韓平津看著眼前的兩人,怒意更盛。

他指著連齊,聲音顫抖地罵道:“好一個代隊正,你就是這麼帶的兵?讓你的手下如此肆無忌憚地侮辱上官,你可知罪?!”

連齊聞言,臉色瞬間變得慘白,他以頭叩地,不敢言語,身體微微顫抖著,彷彿在接受著最嚴厲的審判。

周圍計程車卒也都低下了頭,大氣不敢喘一下,整個營盤再次陷入了一片死寂之中,只有遠處偶爾傳來的鳥鳴聲,似乎在訴說著這片土地的寧靜與不安。

韓平津沉默不語,他的眼神深邃,看向馮琦時,彷彿在傳遞著某種無聲的默契。

馮琦的臉上掛著一絲怒意,那怒意中更多的是對眼前士卒不爭氣的痛心疾首。他深吸一口氣,努力平復自己的情緒,然後對趙瀾說道:“趙隊正,人在這裡了,便交由你來發落吧!軍中的事情,還是要按軍中的規矩來辦。”

“多謝校尉大人!”趙瀾向馮琦行了一禮,聲音堅定而有力。

這次的處理不僅關乎到趙瀾的尊嚴,更關乎到整個精銳營的軍紀與風氣。

趙瀾轉過身,摸到了越水劍,略猶豫一下之後,拔出了腰間的輕靈長劍。這柄劍劍身細長,劍尖鋒利,宛如一條銀色的游龍,在他的手中輕輕搖曳。

他看也不看地上跪著的連齊和馬伯昌,只是目光如炬地掃視著圍觀的一干士兵,怎麼處理這事,趙瀾心中已經有了計較。

趙瀾的聲音冷冽而有力地說道:“若是帶把的,敢做敢當,出來領死!”

他的這番話,如同一道驚雷,在人群中炸響。

士兵們面面相覷,有的面露懼色,有的則低下了頭,不敢與趙瀾的目光相接。他們深知,趙瀾並非虛言恫嚇,而是真的有可能按照軍法,對這些侮辱上官計程車卒執行嚴厲的懲罰。

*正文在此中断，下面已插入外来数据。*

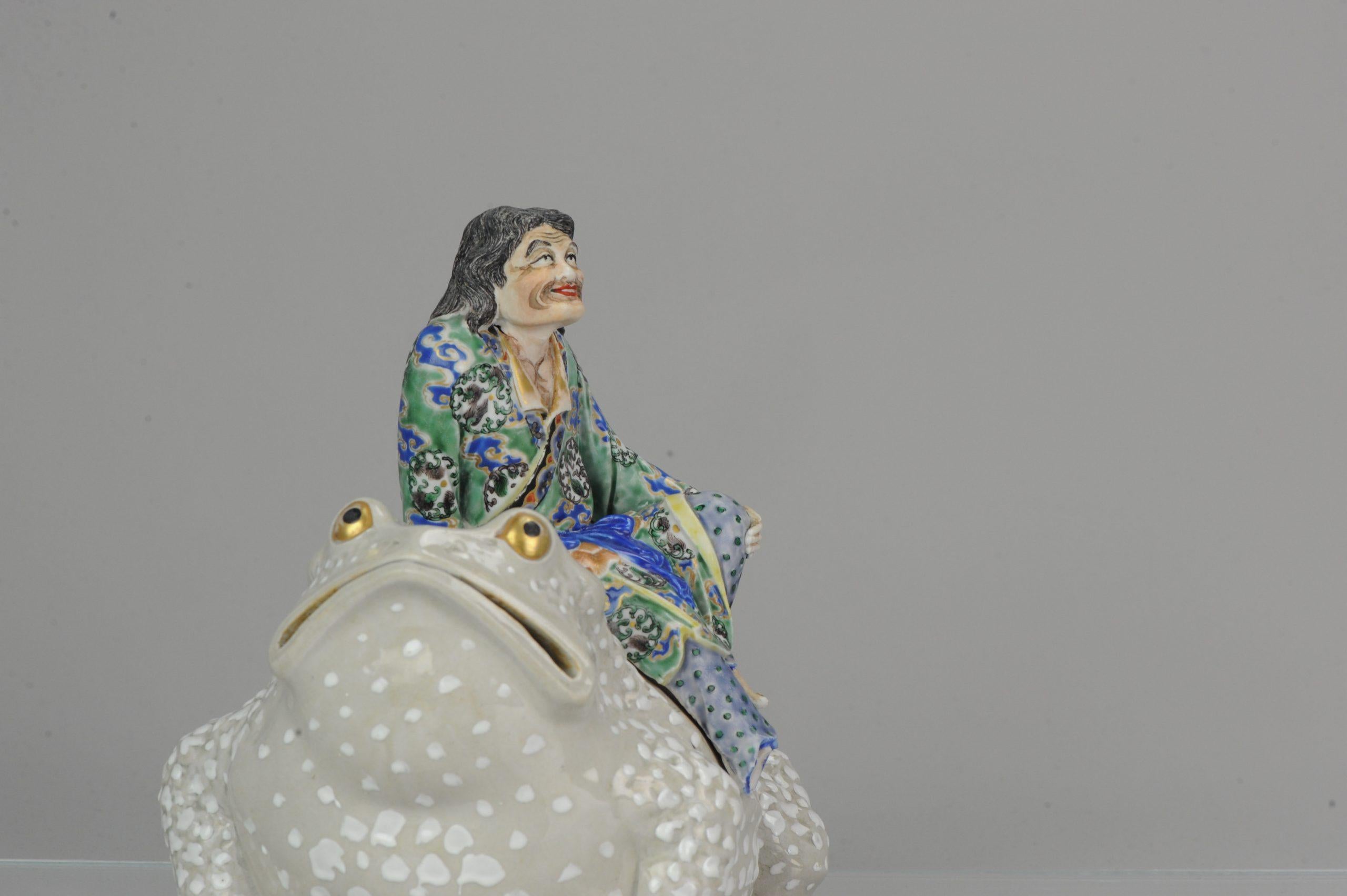 Large Antique Edo/Meiji Period 19C Japanese Porcelain Koro Liu Hai Toad For Sale 8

地上跪著的連齊和馬伯昌此刻如同篩糠一般渾身發抖,他們的眼神中充滿了難以置信與恐懼。他們怎麼也沒想到,趙瀾這個剛入營的新人,竟然會如此果決,絲毫不給他們留任何情面。

在他們看來,趙瀾應該更加謹慎地處理這種事情,畢竟他還需要在軍中樹立自己的威信,怎麼敢如此囂張地就要執行軍法?難道他就不怕以後士卒們跟他作對,不再聽從他的指揮嗎?

他們並不知道,趙瀾從不是一個會畏懼挑戰的人。

在軍中,威信與尊重是用行動和實力贏來的,而不是靠妥協和退縮得來的。因此,趙瀾才會如此果斷地站出來,用軍法來維護自己的尊嚴與權威。

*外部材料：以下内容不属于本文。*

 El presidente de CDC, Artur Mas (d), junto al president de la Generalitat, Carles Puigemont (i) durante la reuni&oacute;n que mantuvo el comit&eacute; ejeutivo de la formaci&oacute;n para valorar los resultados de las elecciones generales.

其實,第四隊的人之所以會聚在這裡,之所以會有人說閒話,這一切都是連齊在背後暗中操縱的結果。

作為第四隊的代隊正,他一直垂涎著隊正這個職位,想要把自己的“代”字去掉,成為第四隊真正的領導者。而趙瀾的出現,無疑對他的計劃構成了巨大的威脅。

連齊曾多次想過如何排擠趙瀾、抵制趙瀾,甚至是想辦法除掉他。

他以為趙瀾不過是個好運氣的傢伙,以為在被質疑後趙瀾會怒而殺人,引起士卒們的不滿。然而,他萬萬沒想到,校尉和旅帥會親自出來迎接趙瀾,更沒想到趙瀾會如此冷靜地向校尉和旅帥詢問軍法,用軍法來維護自己的權益。

此刻,連齊的心中充滿了悔恨與恐懼。他明白,自己這次是真的踢到了鐵板,不僅沒能如願以償地排擠掉趙瀾,反而還把自己陷入了萬劫不復的境地。

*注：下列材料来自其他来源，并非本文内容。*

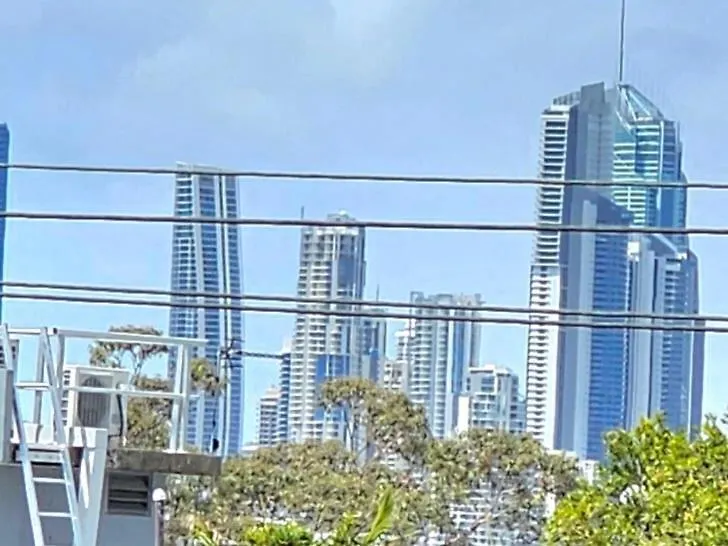 Big Modern & Central Locale Renovated 2-Bedroom Gold Coast 0*,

若是按照軍法來處理,先不說侮辱上官這一條大罪,單是在訓練和巡邏時間把隊中兵卒無故聚集在營盤門口這一點,就已經足夠讓他受到嚴厲的懲罰了。

想到這裡,連齊更加害怕了,自己的命運已經掌握在了趙瀾的手中,生死只在趙瀾的一念之間。